No pictures, nothing altered: return the data below.
[INPUT DATA — start]
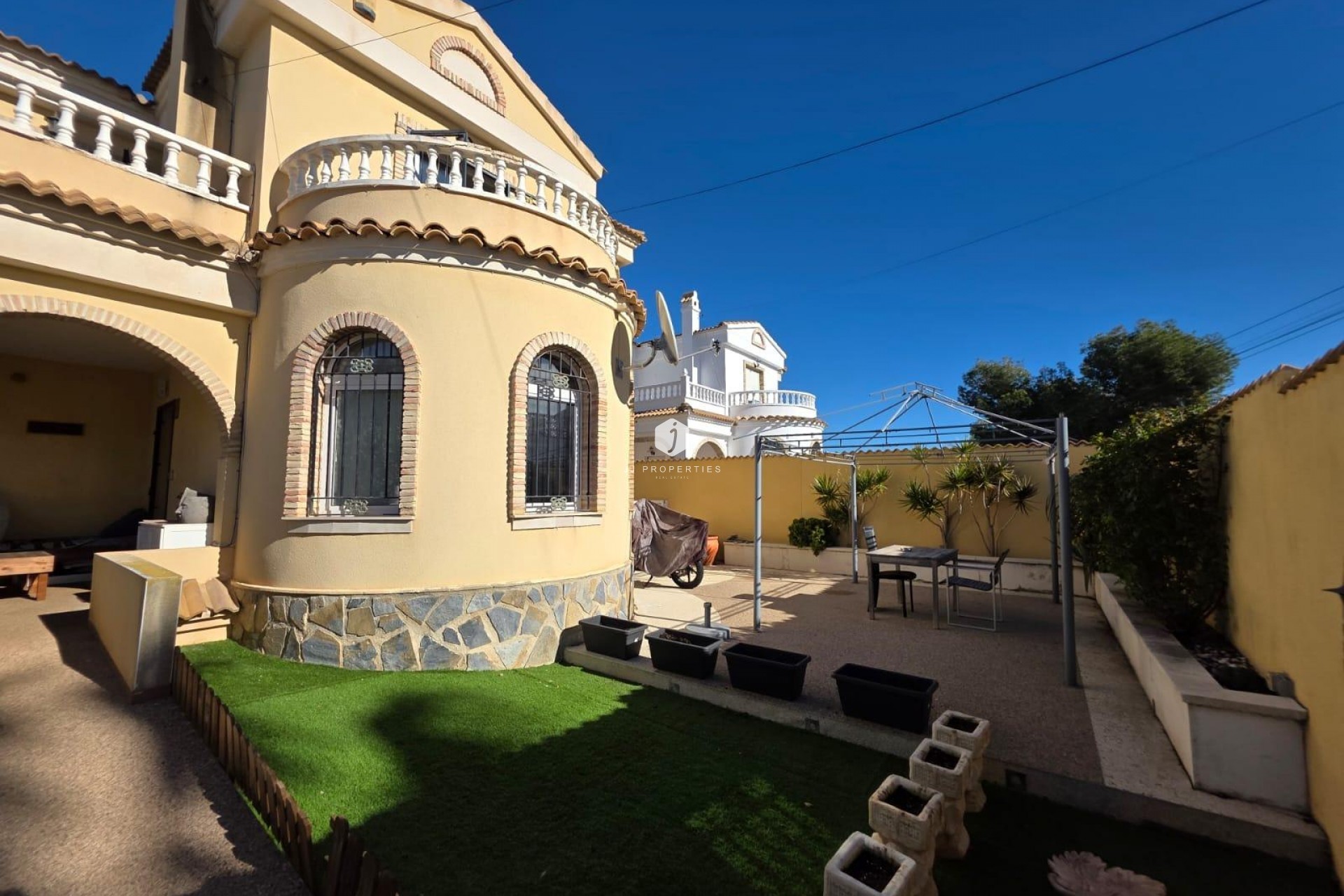 Resale - Villa -
Orihuela Costa - Villamartín-las Filipinas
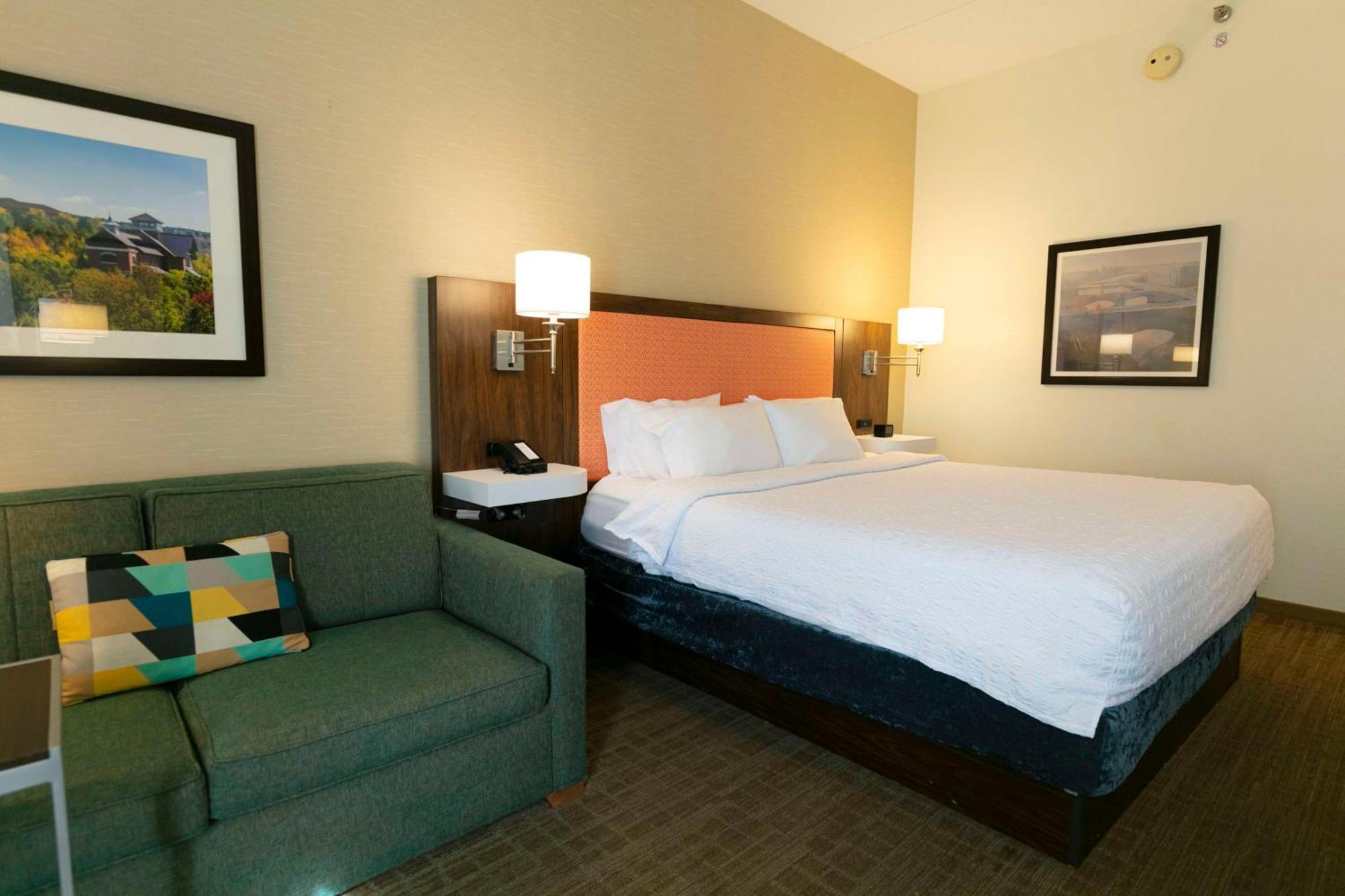 Hampton At Montage Mountain Hotel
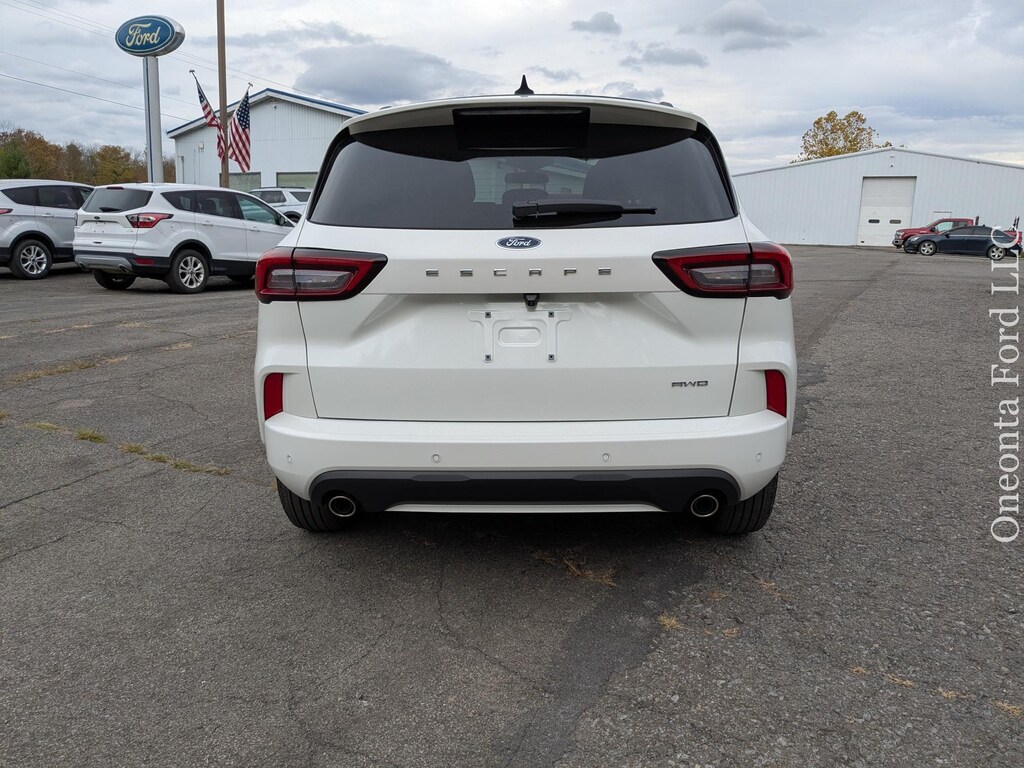 Used 2023 Ford Escape ST-Line All-Wheel Drive with Locking and Limited-Slip Diff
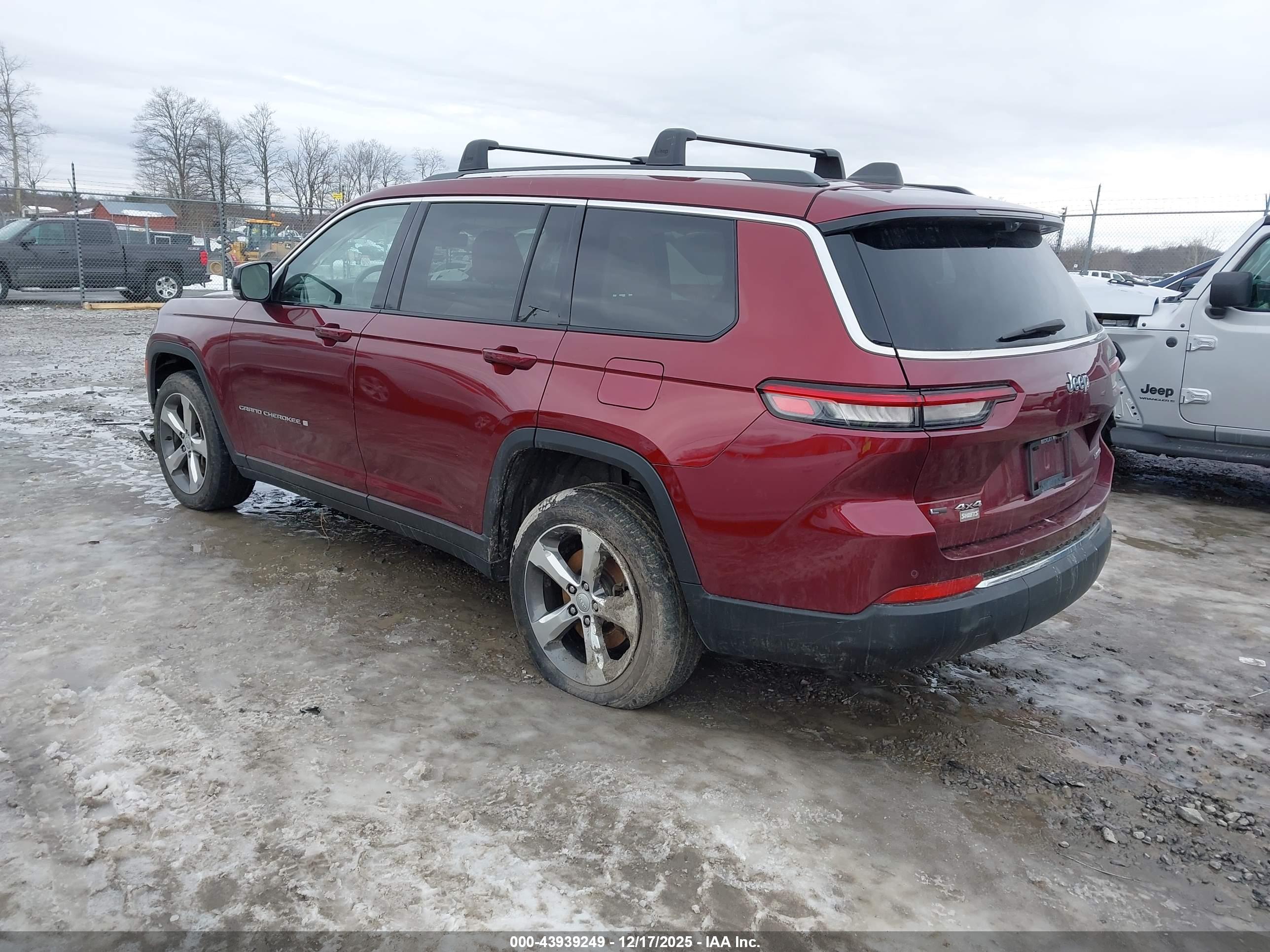 JEEP GRAND image 3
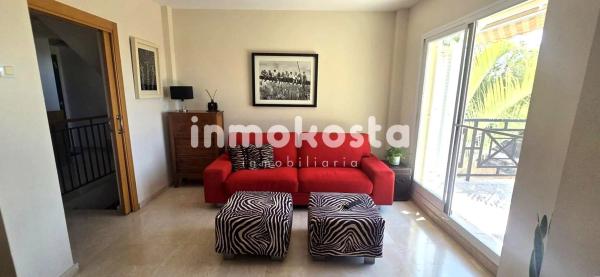 Casa independiente en calle Serra de Mariola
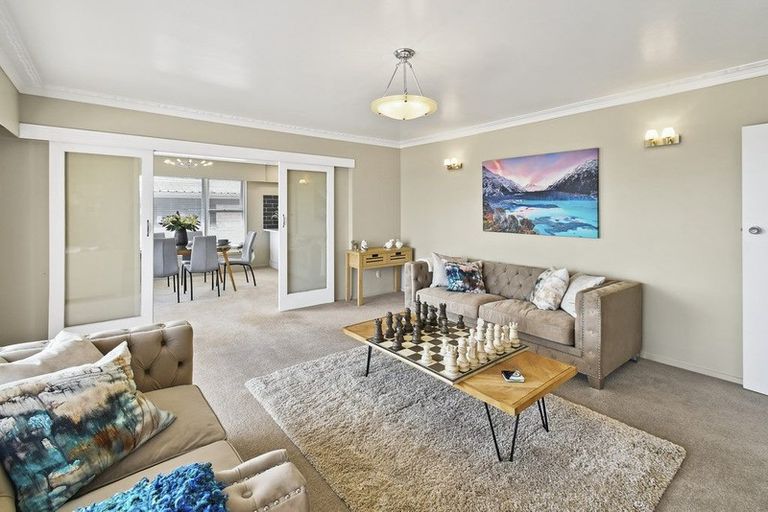 Photo of property in 8 Hamlet Place, Pukekohe, 2120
[INPUT DATA — finish]
▶ EXPECTED ANSWER:
 Resale - Villa -
Orihuela Costa - Villamartín-las Filipinas
 Hampton At Montage Mountain Hotel
 Used 2023 Ford Escape ST-Line All-Wheel Drive with Locking and Limited-Slip Diff
 JEEP GRAND image 3
 Casa independiente en calle Serra de Mariola
 Photo of property in 8 Hamlet Place, Pukekohe, 2120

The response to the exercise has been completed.